Please return exactly the lines from the beginning of the listing up to and including the line with "Women Asian Robes", with no pictures.
=== Section Start ===
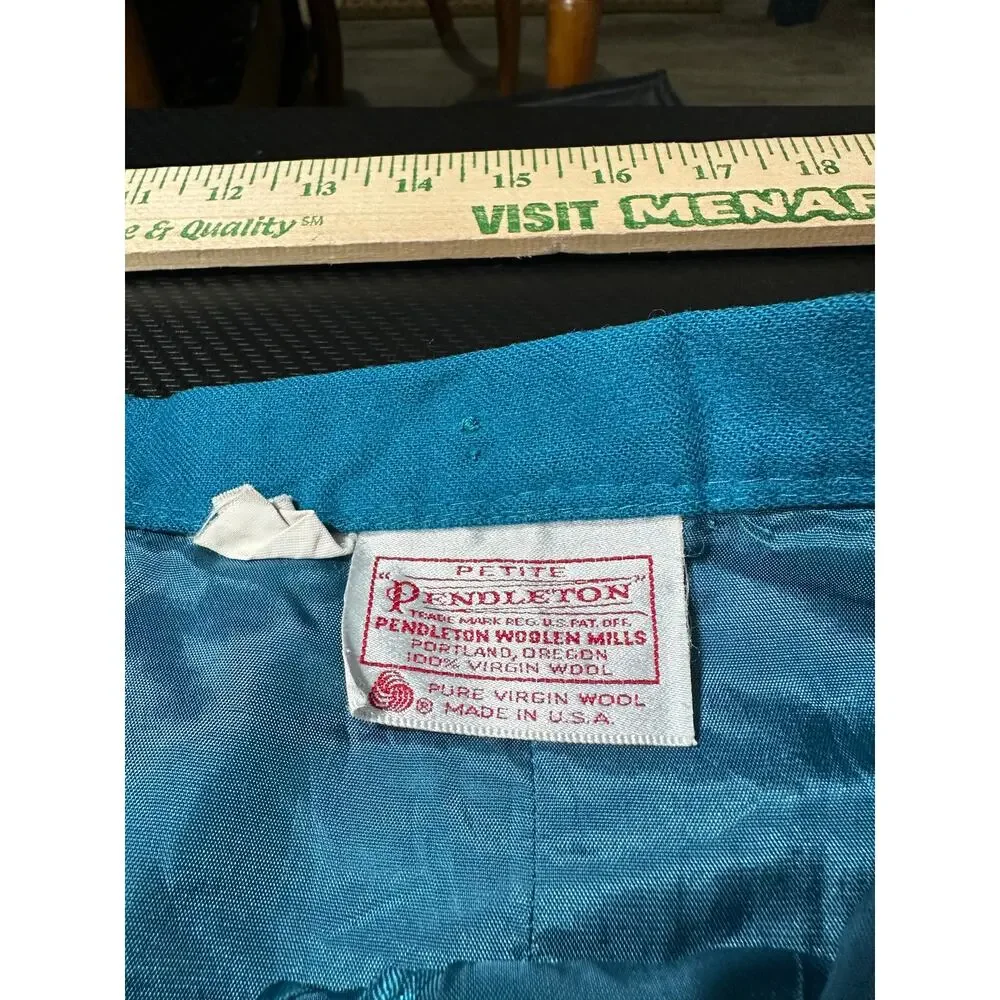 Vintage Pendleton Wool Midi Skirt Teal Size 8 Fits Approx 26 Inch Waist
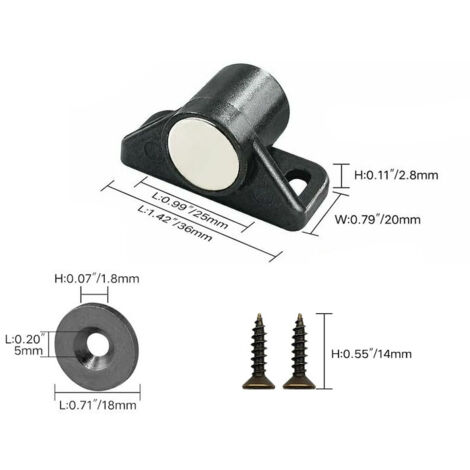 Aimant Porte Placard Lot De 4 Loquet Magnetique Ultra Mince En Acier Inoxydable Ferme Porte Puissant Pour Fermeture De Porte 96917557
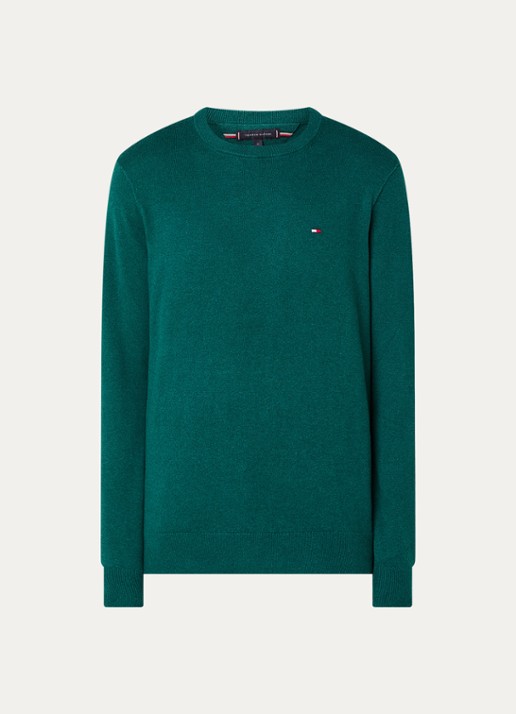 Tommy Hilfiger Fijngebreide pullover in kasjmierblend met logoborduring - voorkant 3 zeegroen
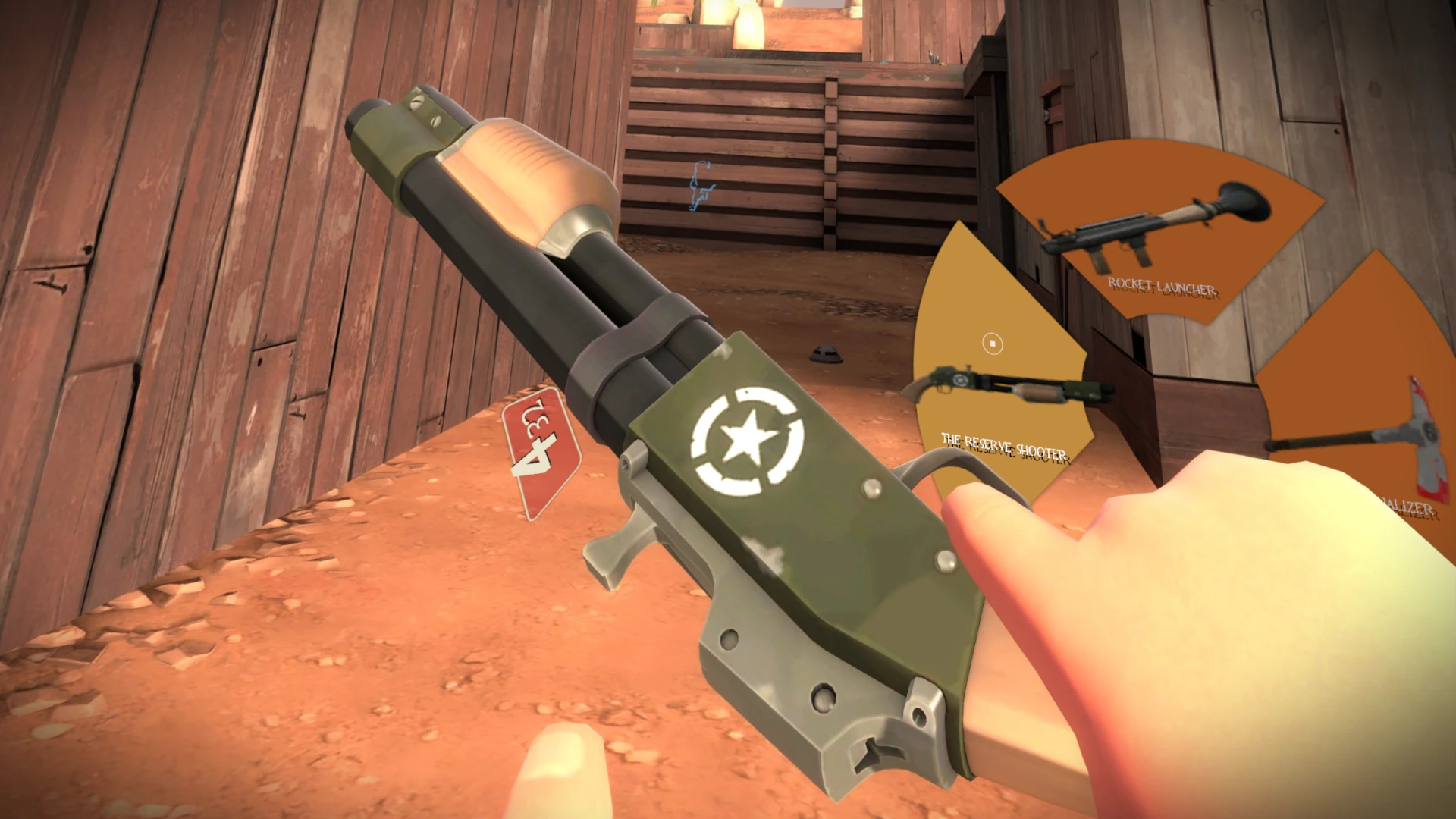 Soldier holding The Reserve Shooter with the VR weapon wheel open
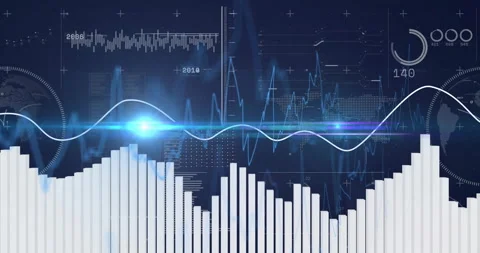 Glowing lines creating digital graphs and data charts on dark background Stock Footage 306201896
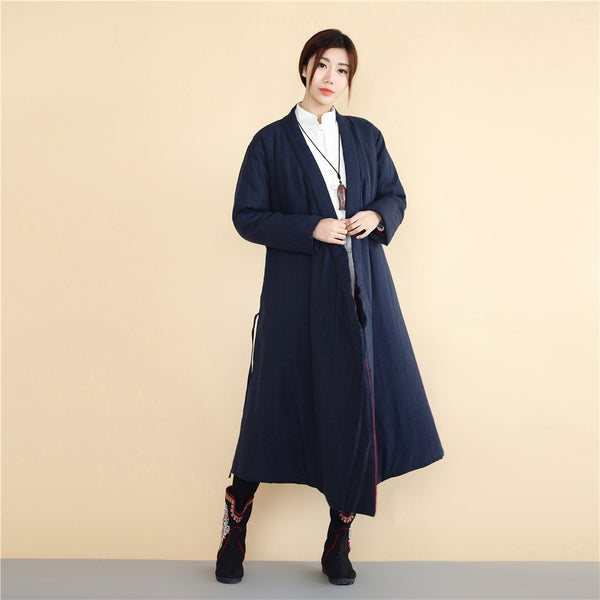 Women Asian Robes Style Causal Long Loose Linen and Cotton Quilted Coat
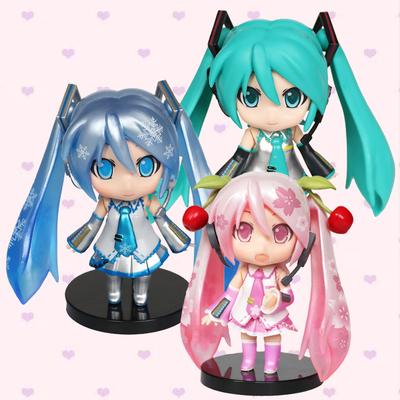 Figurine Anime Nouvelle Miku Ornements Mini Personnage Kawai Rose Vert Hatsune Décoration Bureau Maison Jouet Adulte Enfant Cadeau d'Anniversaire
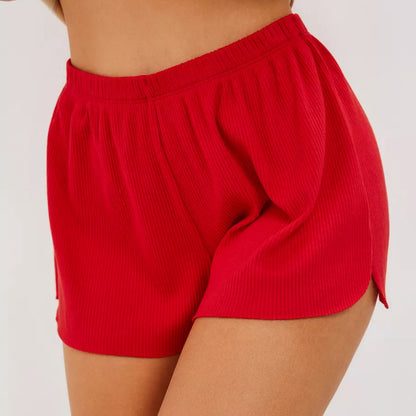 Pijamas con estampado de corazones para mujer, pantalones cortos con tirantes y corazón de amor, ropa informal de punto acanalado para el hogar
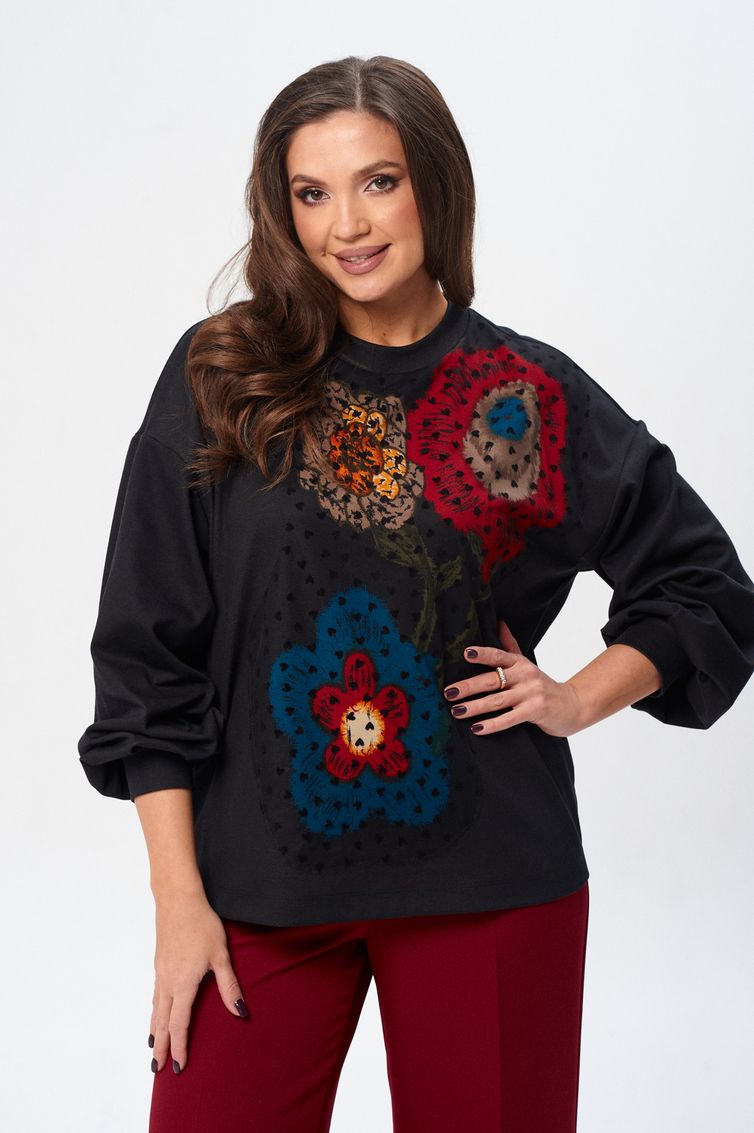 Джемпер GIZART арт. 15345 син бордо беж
=== Section End ===
Solution to the problem =>
 Vintage Pendleton Wool Midi Skirt Teal Size 8 Fits Approx 26 Inch Waist
 Aimant Porte Placard Lot De 4 Loquet Magnetique Ultra Mince En Acier Inoxydable Ferme Porte Puissant Pour Fermeture De Porte 96917557
 Tommy Hilfiger Fijngebreide pullover in kasjmierblend met logoborduring - voorkant 3 zeegroen
 Soldier holding The Reserve Shooter with the VR weapon wheel open
 Glowing lines creating digital graphs and data charts on dark background Stock Footage 306201896
 Women Asian Robes Style Causal Long Loose Linen and Cotton Quilted Coat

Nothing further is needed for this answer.